• Balance exercises are conditionally recommended for patients with knee and/or hip OA. These exercises improve patients’ ability to control and stabilize body position. To date, randomized controlled trials have not addressed the potential of balance-based exercises in reducing fall risk in patients with OA.
• Yoga is conditionally recommended for patients with knee OA. Yoga combines physical postures with breathing techniques and meditation or relaxation. Although the practice is less studied than tai chi, yoga may provide similar benefits for patients with OA.
• Cognitive behavioral therapy (CBT) is conditionally recommended for patients with knee, hip, and/or hand OA. A well-established body of literature supports the use of CBT for chronic pain conditions, with trials demonstrating improvements in pain, health-related quality of life, mood, fatigue, functional capacity, and disability. In OA, limited evidence suggests that CBT reduces pain; further research is needed to establish the benefits of CBT in OA.

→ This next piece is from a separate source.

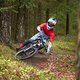 Fischi25 LSR54954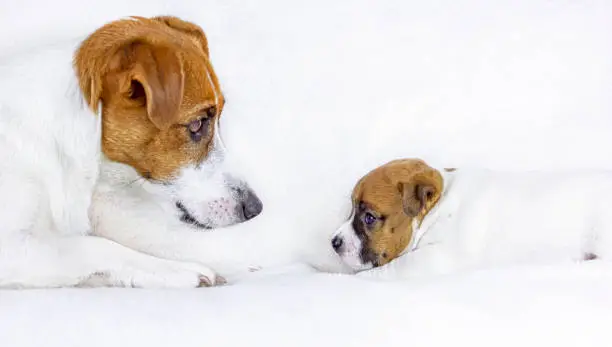 Photo of mother jack russell terrier looks at her month old puppy. look at each other, love, motherhood white background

• Patellofemoral braces are conditionally recommended for patients with patellofemoral knee OA. Patients in whom disease in either 1 or both knees is causing a sufficiently large effect on ambulation, joint stability, or pain may warrant the need for an assistive device. This recommendation is conditional due to variability in results across currently published literature. Physicians should keep in mind that some patients may have difficulty tolerating the inconvenience and burden of braces.
• Kinesiotaping is conditionally recommended for patients with knee and/or first CMC joint OA. This practice permits range of motion of the joint to which it is being applied, in contrast to braces. The evidence quality is limited owing to limitations in blinding when studying this practice.
• Hand orthoses are conditionally recommended for patients with OA in other joints of the hand. A wide variety of mechanical supports are currently available, including digital orthoses, ring splints, and rigid or neoprene orthoses. Insufficient data are available to recommend 1 type of orthoses over another. Patients considering hand orthoses may benefit from evaluation by an occupational therapist.
• Modified shoes are conditionally recommended against in patients with knee and/or hip OA. Although optimal footwear is of considerable importance for patients with OA, available studies do not define the best type of footwear to improve outcomes for either knee or hip OA.
• Lateral and medial wedged insoles are conditionally recommended against in patients with knee and/or hip OA. Currently available literature does not demonstrate a clear efficacy of lateral or medial wedged insoles.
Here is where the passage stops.